The following code will help to throw away all HTML tags from an article content.

In [2]:
from html.parser import HTMLParser

class MLStripper(HTMLParser):
    def __init__(self):
        self.reset()
        self.strict = False
        self.convert_charrefs= True
        self.fed = []
    def handle_data(self, d):
        self.fed.append(d)
    def get_data(self):
        return ' '.join(self.fed)

def strip_tags(html):
    s = MLStripper()
    s.feed(html)
    return s.get_data()

Supplementary function to read a JSON line without crashing on escape characters.

In [3]:
def read_json_line(line=None):
    result = None
    try:        
        result = json.loads(line)
    except Exception as e:      
        # Find the offending character index:
        idx_to_replace = int(str(e).split(' ')[-1].replace(')',''))      
        # Remove the offending character:
        new_line = list(line)
        new_line[idx_to_replace] = ' '
        new_line = ''.join(new_line)     
        return read_json_line(line=new_line)
    return result

Extract features `content`, `published`, `title` and `author`, write them to separate files for train and test sets.

In [52]:
publishes = []
titles = []
authors = []
contents = []
tags = []

In [53]:
def extract_features_and_write(path_to_data,
                               inp_filename, is_train=True):
    
    features = ['content', 'published', 'title', 'author']
    prefix = 'train' if is_train else 'test'
    feature_files = [open(os.path.join(path_to_data,
                                       '{}_{}.txt'.format(prefix, feat)),
                          'w', encoding='utf-8')
                     for feat in features]
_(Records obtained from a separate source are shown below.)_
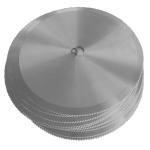 255mm 48 Teeth TCT Circular Slitting Knife Industrial Blade For Porcelain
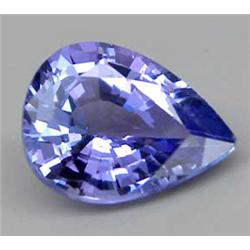0.69ct Glowing AAA Natural Violetish Blue Tanzanite FLAWLESS (GEM-9211)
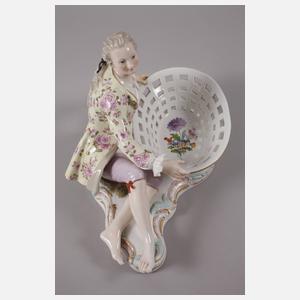 Meissen figürliche Konfektschale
    with open(os.path.join(path_to_data, inp_filename), 
              encoding='utf-8') as inp_json_file:

        for line in tqdm_notebook(inp_json_file):
            json_data = read_json_line(line)
            
            # You code here
            publishes.append(json_data['published']['$date'])
            titles.append(json_data['title'])
            authors.append(json_data['meta_tags']['author'])
            contents.append(strip_tags(json_data['content']))
            tags.append(' '.join(json_data['tags']))
            pass
        pass
    
    #feature_files[0].write('\n'.join(contents))
    #feature_files[1].write('\n'.join(publishes))
    #feature_files[2].write('\n'.join(titles))
    #feature_files[3].write('\n'.join(authors))
    
    for f in feature_files:
        f.close()
        pass
    pass
            

In [6]:
PATH_TO_DATA = './' # modify this if you need to

In [54]:
extract_features_and_write(PATH_TO_DATA, 'train.json', is_train=True)
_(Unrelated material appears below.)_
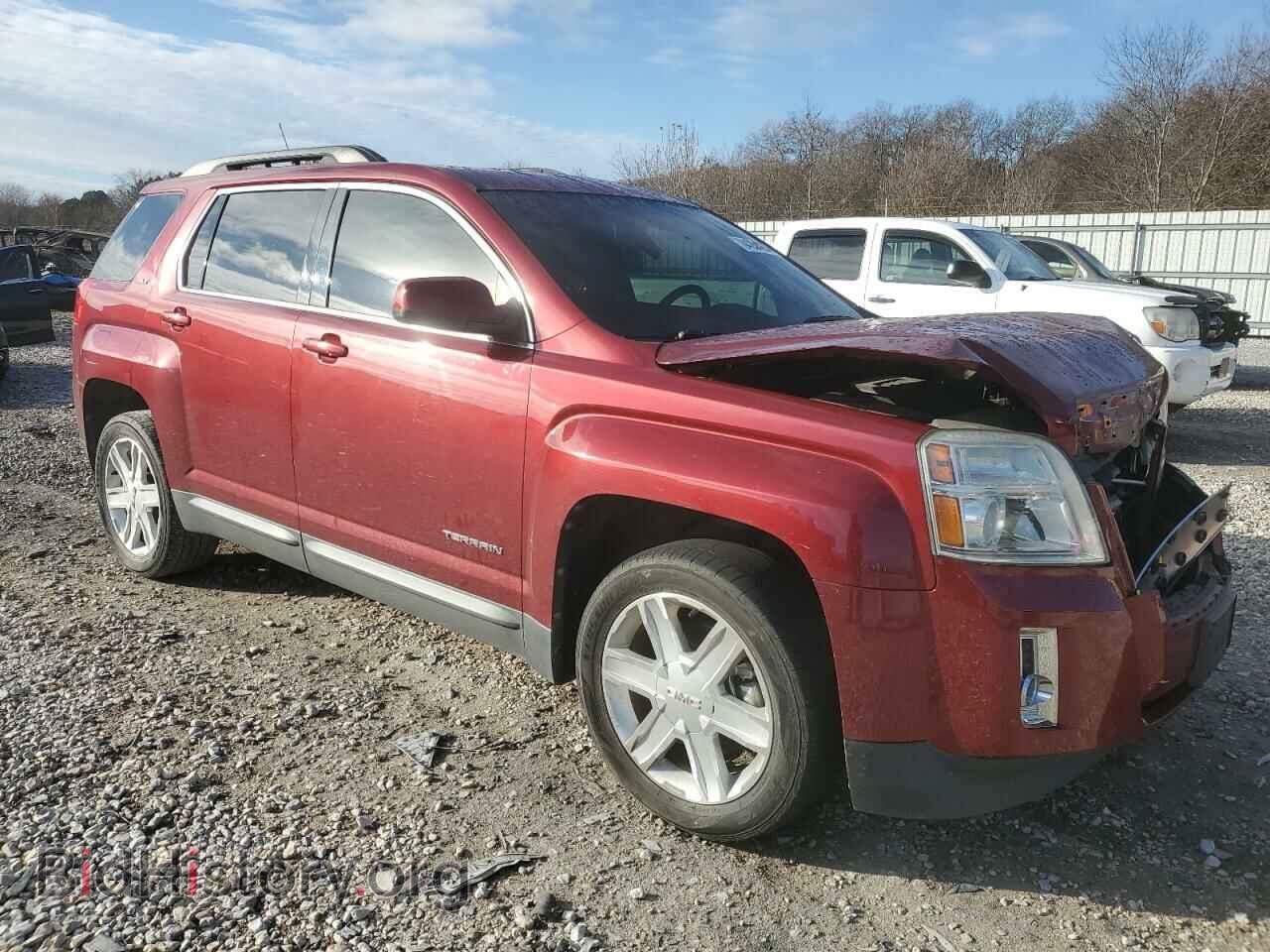 2011 GMC TERRAIN - VIN: 2CTALUEC0B6235020 - Фото 4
HBox(children=(IntProgress(value=1, bar_style='info', max=1), HTML(value='')))




In [55]:
train_publish = publishes
train_title = titles
train_author = authors
train_content = contents
train_tag = tags

In [56]:
len(train_publish), len(train_title), len(train_author), len(train_content), len(train_tag)

(62313, 62313, 62313, 62313, 62313)

In [57]:
publishes = []
titles = []
authors = []
contents = []
tags = []

In [58]:
extract_features_and_write(PATH_TO_DATA, 'test.json', is_train=False)

HBox(children=(IntProgress(value=1, bar_style='info', max=1), HTML(value='')))




In [59]:
test_publish = publishes
test_title = titles
test_author = authors
test_content = contents
test_tag = tags

In [60]:
len(test_publish), len(test_title), len(test_author), len(test_content), len(test_tag)

(34645, 34645, 34645, 34645, 34645)

**Add the following groups of features:**
    - Tf-Idf with article content (ngram_range=(1, 2), max_features=100000 but you can try adding more)
    - Tf-Idf with article titles (ngram_range=(1, 2), max_features=100000 but you can try adding more)
    - Time features: publication hour, whether it's morning, day, night, whether it's a weekend
    - Bag of authors (i.e. One-Hot-Encoded author names)

In [61]:
print(train_publish[0])
print(pd.to_datetime(train_publish[0]))

2012-08-13T22:54:53.510Z
2012-08-13 22:54:53.510000


In [62]:
# convert dateframe

In [63]:
train = pd.DataFrame()
train['publish'] = pd.to_datetime(train_publish, format='%Y-%m-%dT%H:%M:%S.%fZ')
train['title'] = train_title
train['author'] = train_author
train['content'] = train_content
train['tag'] = train_tag

In [64]:
test = pd.DataFrame()
test['publish'] = pd.to_datetime(test_publish, format='%Y-%m-%dT%H:%M:%S.%fZ')
test['title'] = test_title
test['author'] = test_author
test['content'] = test_content
test['tag'] = test_tag

In [18]:
train_weekend = train['publish'].apply(lambda x: x.dayofweek in [5, 6]).astype('int')
train_hour = train['publish'].apply(lambda x: x.hour)
train_morning = ((train_hour >= 7) & (train_hour <= 11)).astype('int')
train_day = ((train_hour >= 12) & (train_hour <= 18)).astype('int')
train_everning = ((train_hour >= 19) & (train_hour <= 23)).astype('int')
train_night = ((train_hour >= 0) & (train_hour <= 6)).astype('int')

In [65]:
train_tag_count = train['tag'].apply(lambda x: len(x.split()))

In [19]:
test_weekend = test['publish'].apply(lambda x: x.dayofweek in [5, 6]).astype('int')
test_hour = test['publish'].apply(lambda x: x.hour)
test_morning = ((test_hour >= 7) & (test_hour <= 11)).astype('int')
test_day = ((test_hour >= 12) & (test_hour <= 18)).astype('int')
test_everning = ((test_hour >= 19) & (test_hour <= 23)).astype('int')
test_night = ((test_hour >= 0) & (test_hour <= 6)).astype('int')

In [66]:
test_tag_count = test['tag'].apply(lambda x: len(x.split()))

In [20]:
%%time
train_content_vect = TfidfVectorizer(ngram_range=(1,2), max_features=100000)
X_train_content_sparse = train_content_vect.fit_transform(train['content'])

Wall time: 10min 40s


In [21]:
%%time
train_title_vect = TfidfVectorizer(ngram_range=(1,2), max_features=100000)
X_train_title_sparse = train_title_vect.fit_transform(train['title'])

Wall time: 4.05 s


In [68]:
%%time
train_tag_vect = TfidfVectorizer(ngram_range=(1,1))
X_train_tag_sparse = train_tag_vect.fit_transform(train['tag'])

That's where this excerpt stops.